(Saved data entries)
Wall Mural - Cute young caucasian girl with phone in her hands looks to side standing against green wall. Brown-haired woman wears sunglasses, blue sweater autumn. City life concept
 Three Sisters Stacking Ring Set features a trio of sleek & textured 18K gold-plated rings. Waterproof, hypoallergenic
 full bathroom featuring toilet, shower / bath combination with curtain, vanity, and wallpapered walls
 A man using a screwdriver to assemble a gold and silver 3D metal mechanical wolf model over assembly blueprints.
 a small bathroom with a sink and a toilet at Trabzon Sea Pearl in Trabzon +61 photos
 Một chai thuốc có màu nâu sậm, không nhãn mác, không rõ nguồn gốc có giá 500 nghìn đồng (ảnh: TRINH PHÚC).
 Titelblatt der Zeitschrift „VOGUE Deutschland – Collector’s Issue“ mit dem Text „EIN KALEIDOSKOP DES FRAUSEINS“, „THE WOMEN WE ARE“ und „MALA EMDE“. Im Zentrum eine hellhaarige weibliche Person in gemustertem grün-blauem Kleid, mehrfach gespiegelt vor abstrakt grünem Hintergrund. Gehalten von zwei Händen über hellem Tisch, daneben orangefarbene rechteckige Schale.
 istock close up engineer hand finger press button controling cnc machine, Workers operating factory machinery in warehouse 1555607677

**Exercise requirements:** Set out the records again, exactly as they appear above.

**Solution for this problem:**
Wall Mural - Cute young caucasian girl with phone in her hands looks to side standing against green wall. Brown-haired woman wears sunglasses, blue sweater autumn. City life concept
 Three Sisters Stacking Ring Set features a trio of sleek & textured 18K gold-plated rings. Waterproof, hypoallergenic
 full bathroom featuring toilet, shower / bath combination with curtain, vanity, and wallpapered walls
 A man using a screwdriver to assemble a gold and silver 3D metal mechanical wolf model over assembly blueprints.
 a small bathroom with a sink and a toilet at Trabzon Sea Pearl in Trabzon +61 photos
 Một chai thuốc có màu nâu sậm, không nhãn mác, không rõ nguồn gốc có giá 500 nghìn đồng (ảnh: TRINH PHÚC).
 Titelblatt der Zeitschrift „VOGUE Deutschland – Collector’s Issue“ mit dem Text „EIN KALEIDOSKOP DES FRAUSEINS“, „THE WOMEN WE ARE“ und „MALA EMDE“. Im Zentrum eine hellhaarige weibliche Person in gemustertem grün-blauem Kleid, mehrfach gespiegelt vor abstrakt grünem Hintergrund. Gehalten von zwei Händen über hellem Tisch, daneben orangefarbene rechteckige Schale.
 istock close up engineer hand finger press button controling cnc machine, Workers operating factory machinery in warehouse 1555607677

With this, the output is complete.